Allende a ouvert à jamais les grandes avenues
« C’est sans doute la dernière fois que je m’adresse à vous. La Force aérienne a bombardé les antennes de Radio Portales et Radio Corporacion.
Mes mots ne sont pas amers, mais plutôt déçus. Qu’ils soient le châtiment de ceux qui ont trahi leur serment (...) Devant cet état de fait, il ne me reste plus qu’une chose à dire aux travailleurs : je ne démissionnerai pas. (...) Comme le veut le cours de l’histoire, je payerai de ma vie la loyauté du peuple (...) Ils ont la force, ils pourront nous réduire en esclavage, mais on n’arrête pas les avancées du processus social ni par le crime, ni par la force. L’histoire est nôtre et ce sont les peuples qui la font ».
Telles furent les dernières paroles que le président chilien Salvador Allende adressa à son peuple. L’élan d’un révolutionnaire dont l’œuvre fut tronquée par la haine de ceux qui ne voulaient d’aucun gouvernement socialiste sur ces terres.
Le 11 septembre 1973, le Chili fut réveillé par la nouvelle du coup d’État contre le gouvernement constitutionnel de l’Unité populaire, conduit par Allende. Des Forces armées étayées par la CIA firent irruption dans le Palais de la Moneda, le siège du gouvernement, officialisant ce qui était un secret de Polychinelle : Washington ferait tout son possible pour interrompre le processus démocratique et mettre « hors d’état de nuire » l’homme qui avait contracté un véritable engagement envers les Chiliens.
Le Nord ingérenciste n’aurait accepté pour rien au monde un programme politique prévoyant une redistribution de la richesse et une restructuration de l’économie, et encore moins la nationalisation de plus importantes industries du pays, accompagnée d’une réforme agraire.
« Je ne vois pas pourquoi nous devons rester les bras croisés à regarder un pays qui devient communiste à cause de la responsabilité de son propre peuple », déclarait Henry Kissinger, le conseiller à la Défense du président des États-Unis Richard Nixon (1969-1974).
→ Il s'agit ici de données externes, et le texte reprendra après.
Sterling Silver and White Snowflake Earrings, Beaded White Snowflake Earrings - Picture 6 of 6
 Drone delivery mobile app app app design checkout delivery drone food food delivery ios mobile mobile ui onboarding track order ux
Pour ce monsieur, les irresponsables étaient les milliers de Chiliens qui avaient voté pour l’Unité populaire, la coalition politique qui avait remporté les élections en 1970.
Comme d’habitude, les campagnes de discrédit, la manipulation de l’opinion publique, les sabotages de l’économie pour isoler Santiago et déstabiliser le pays jouèrent un rôle important dans ce scénario. Certains documents font état des déclarations de Nixon sur la situation au Chili : « Il n’y a peut-être que 10% de chances, mais il faut sauver le Chili ! Je me fous des risques que cela implique… Il y a encore 10 millions de dollars disponibles… »
Pourquoi tant d’acharnement contre un gouvernement ? Aux yeux de Washington, Allende était un provocateur, un marxiste constitutionnellement élu venu bouleverser la scène politique et démolir la doctrine avec son Unité populaire et son programme en faveur des laissés pour compte.
Le putsch contre le gouvernement progressiste du Chili signifia la trahison des militaires à leur Constitution, à leur peuple, et marqua l’un des chapitres les plus sombres de l’histoire de ce pays austral. Il ouvrit la voie au fascisme et à la destruction systématique de l’œuvre d’Allende et du mouvement ouvrier et démocratique chilien, et par conséquent à l’instauration du premier modèle du capitalisme sauvage de l’ère néolibérale.
Rappeler ce crime, commis il y a 39 ans, ne peut que nous confirmer dans notre sentiment que les processus sociaux ne peuvent être interrompus et qu’ils continueront d’ouvrir « les grandes avenues d’où surgira l’homme libre pour construire une société meilleure », comme le souhaitait ce grand Chilien que fut Salvador Allende.